All Products
Search
Document Center

AnalyticDB:Read data from Lindorm using Spark SQL

Last Updated:Mar 30, 2026

AnalyticDB for MySQL allows you to use Spark SQL to read data from Lindorm Hive tables and wide tables by routing data through OSS external tables.

Prerequisites

Before you begin, make sure you have:

How it works

Both access paths follow the same three-stage flow:

  1. Configure Spark session settings — enable Elastic Network Interface (ENI), set network parameters, and configure the Lindorm catalog.

  2. Create an OSS external table as an intermediate destination.

  3. Insert Lindorm data into the external table, then query it with SELECT.

The two paths differ in how they connect to Lindorm:

Hive table

Wide table

Catalog class

org.apache.spark.sql.hive.V2HiveExternalCatalog

com.alibaba.lindorm.ldspark.datasources.v2.LindormCatalog

Connection method

Hive Metastore URI + Hadoop Distributed File System (HDFS) NameNode addresses

VPC endpoint for HBase Java API

Extra setup

Get hdfs-site configuration from Lindorm technical support

Download and upload a JAR package to OSS

Preparations

Before running either access path, collect the following from the Lindorm console:

  1. Log in to the Lindorm console and go to Instance Details. Note the vSwitch ID of your Lindorm instance.

  2. Go to Access Control > Security Groups tab. Note the security group ID of your Lindorm instance. To add a security group, see Add a security group.

Read data from a Hive table

Before you start

Contact Lindorm technical support (DingTalk ID: s0s3eg3) to get the hdfs-site configuration for your Lindorm instance.
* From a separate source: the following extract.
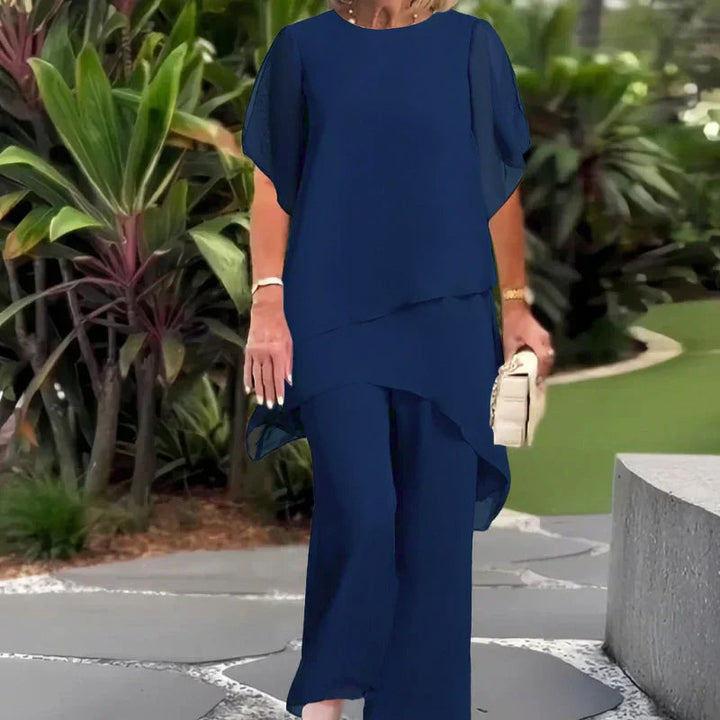 Conjunto Elegante de Dos Piezas Herlene | Top en Capas y Pantalones de Pierna Ancha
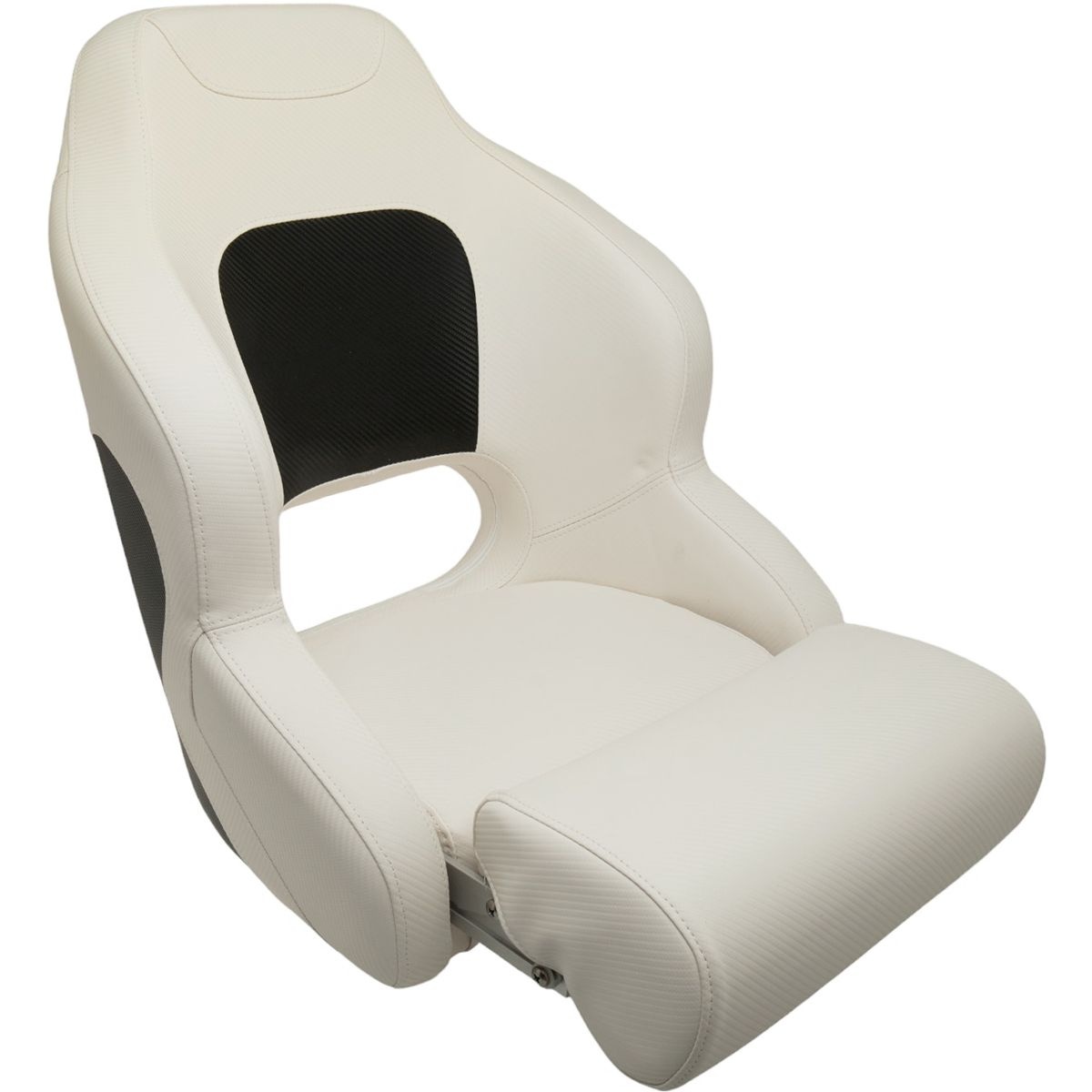 Flip-Up Boat Seat 61x55x76cm Carbon Look White-Black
Provide your instance ID. The configuration contains the Hive Metastore URI and HDFS NameNode addresses used in the SQL below.

Steps

  1. Log in to the AnalyticDB for MySQL console. In the left-side navigation pane, click Clusters. On the Data Lakehouse Edition tab, click your cluster ID.

  2. In the left-side navigation pane, choose Job Development > SQL Development.

  3. On the SQLConsole tab, select the Spark engine and your job resource group.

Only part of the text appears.